Déjà sous le « règne » d’E. Herriot 85 , des liens très forts unissent les dirigeants politiques et les dirigeants économiques de Lyon. Le contrat de confiance existant entre ces deux groupes, qui s’interpénètrent parfois au gré des alliances familiales (Sauzay, 1998), explique d’ailleurs largement la stabilité et la longévité des équipes politiques municipales lyonnaises. L. Pradel, qui succède à E. Herriot en 1957, s’intéresse peu aux questions relatives à l’économie et à son développement, à l’image de son homologue marseillais (G. Defferre) à la même époque (Morel, Sanmarco, 1985), du moins il le fait avec une certaine distance, c’est-à-dire par personnes interposées.
Il délègue en effet la gestion des questions économiques à ses proches collaborateurs ou à ses adjoints, souvent bien insérés dans les milieux d’affaires locaux, confortant et renouvelant ainsi un système de clientélisme local classique et solidement établi. Les représentants patronaux et les chefs d’entreprises restent majoritairement à l’écart des responsabilités politiques, mais ils bénéficient d’un accès direct à la sphère décisionnelle municipale grâce à des réseaux d’interconnaissance solides et actifs (Angleraud, Pellissier, 2003).

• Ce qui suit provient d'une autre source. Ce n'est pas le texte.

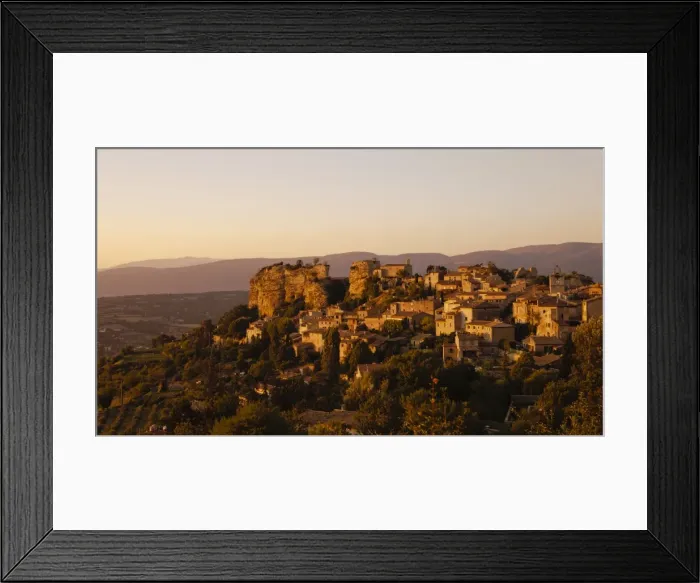 Framed Print : The hill top village of Saignon at sunset, Provence, France, Europe Framed Print : The hill top village of Saignon at sunset, Provence, France, Europe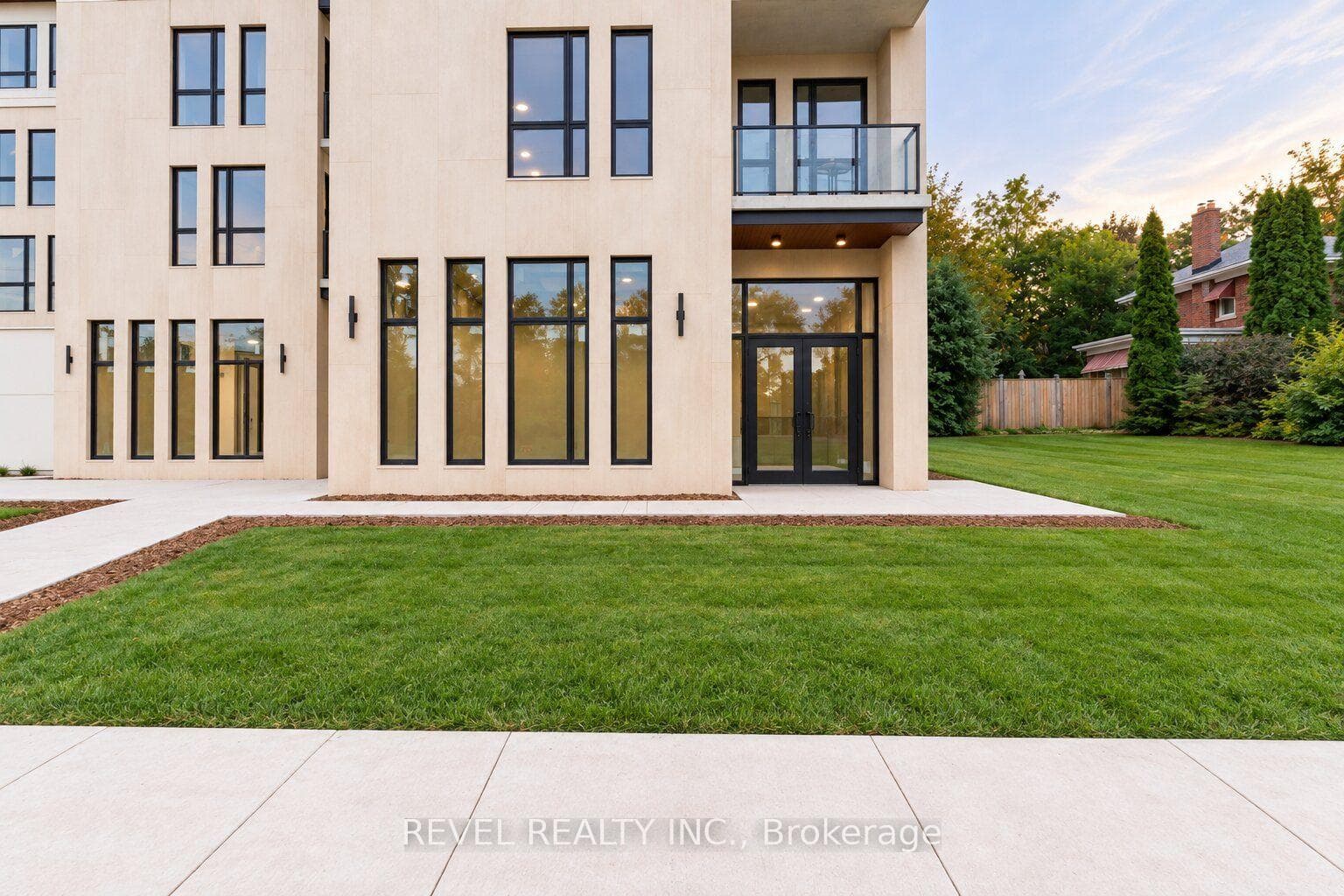 4390 Hillview Drive Unit A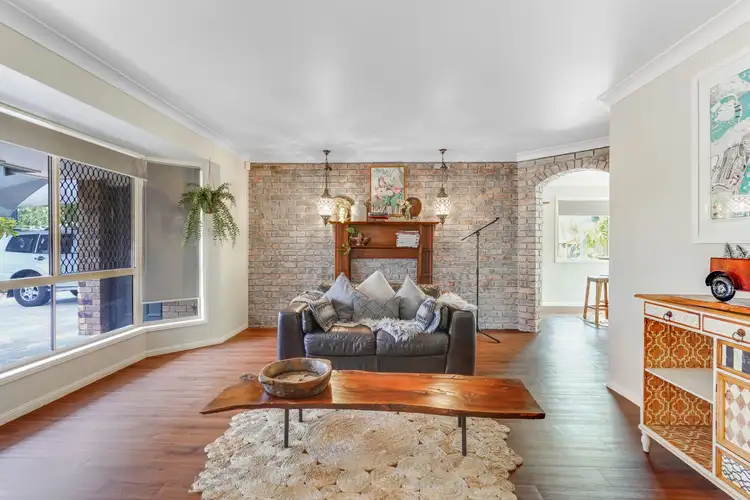 3 Kate Court, Victoria Point QLD 4165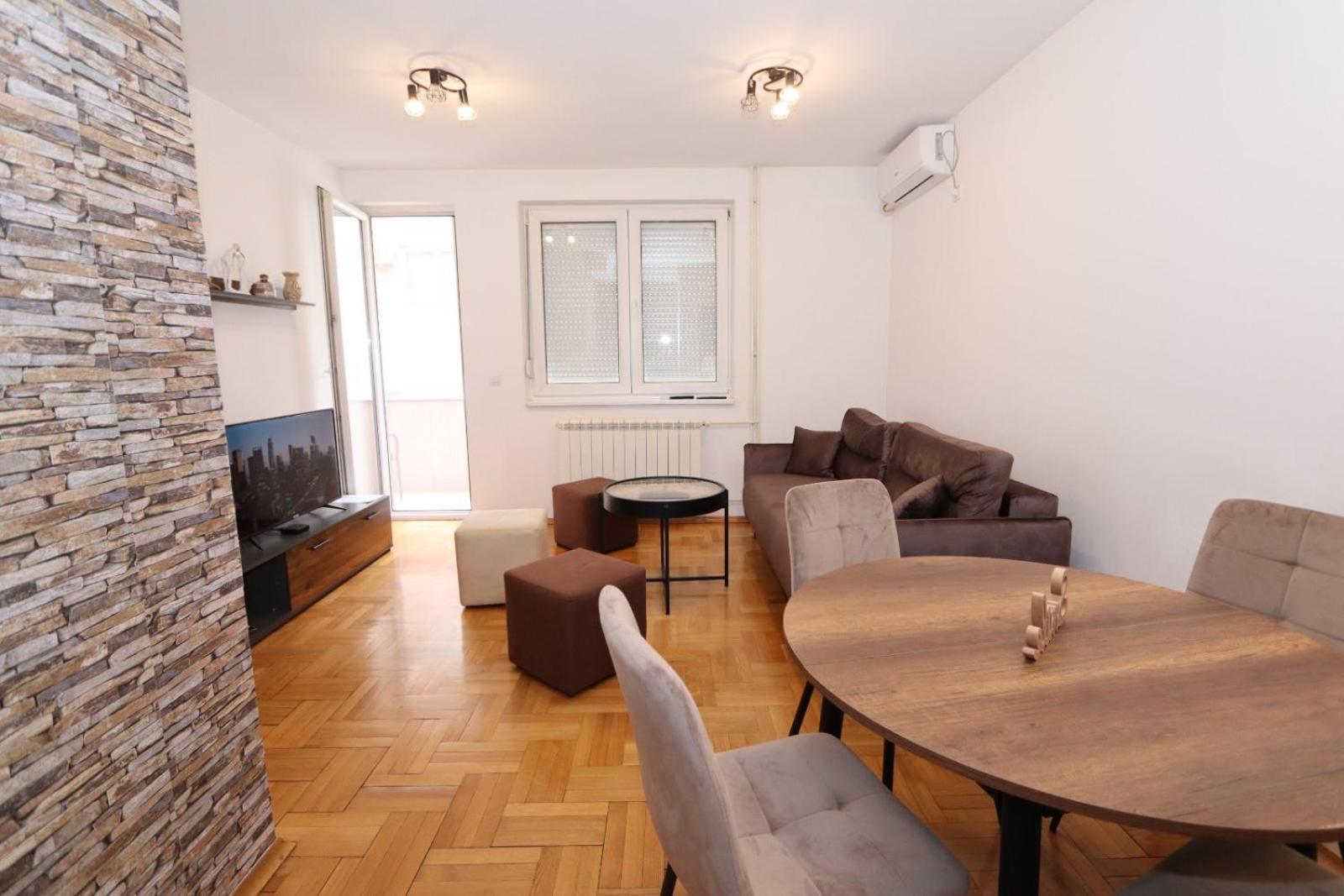 Lux Apartment Rose 2 60M2 Крагуевац Стая снимка
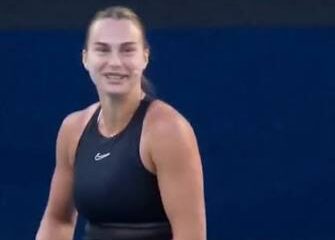 La tenista Aryna Sabalenka y el serbio Novak Djokovic protagonizaron uno de los momentos más divertidos en un partido de exhibición con micrófonos abiertos en la cancha.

A la fin des années 1960 toutefois, les liens traditionnels tissés entre les élus locaux et les représentants de l’économie lyonnaise se distendent quelque peu, obligeant notamment le patronat industriel et celui du BTP à repenser leur position vis-à-vis des orientations de la politique urbaine et du pouvoir politique dans l’agglomération lyonnaise.
Edouard Herriot est maire de Lyon de 1905 à 1957, avec une interruption entre 1941 et 1945 imposée par le gouvernement de Vichy.